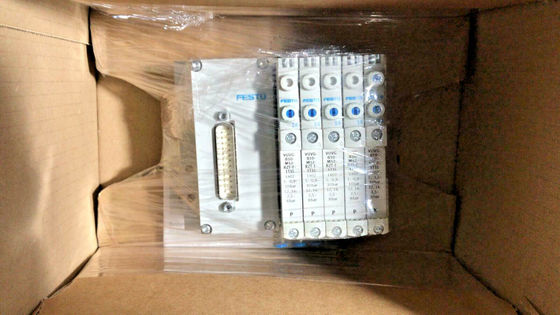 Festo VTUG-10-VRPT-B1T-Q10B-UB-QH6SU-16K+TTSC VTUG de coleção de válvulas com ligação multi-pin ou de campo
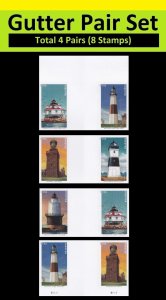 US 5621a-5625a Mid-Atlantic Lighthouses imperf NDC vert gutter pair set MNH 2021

==

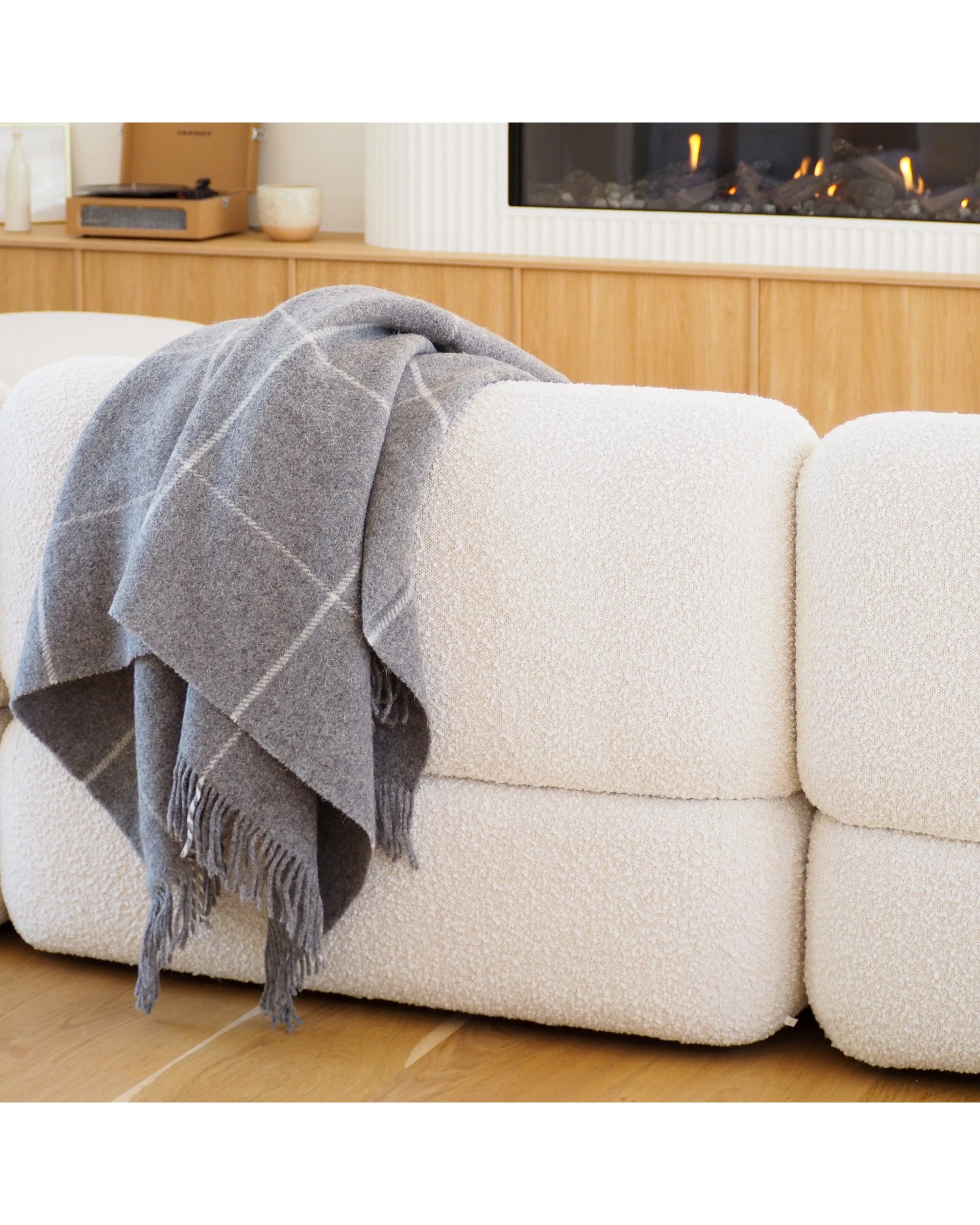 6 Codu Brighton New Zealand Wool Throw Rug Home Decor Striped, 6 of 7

==

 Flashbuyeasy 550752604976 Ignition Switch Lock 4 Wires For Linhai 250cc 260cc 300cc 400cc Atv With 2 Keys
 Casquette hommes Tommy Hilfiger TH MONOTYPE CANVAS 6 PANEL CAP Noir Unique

> Exercise goal:
The lines to copy exactly start with the line above that has "Festo VTUG-10-VRPT-B1T-Q10B-UB-QH6SU-16K+TTSC VTUG" and go on through the line that has "US 5621a-5625a Mid-Atlantic"; please include both, add nothing else, and omit the pictures.

> Worked solution:
 Festo VTUG-10-VRPT-B1T-Q10B-UB-QH6SU-16K+TTSC VTUG de coleção de válvulas com ligação multi-pin ou de campo
 US 5621a-5625a Mid-Atlantic Lighthouses imperf NDC vert gutter pair set MNH 2021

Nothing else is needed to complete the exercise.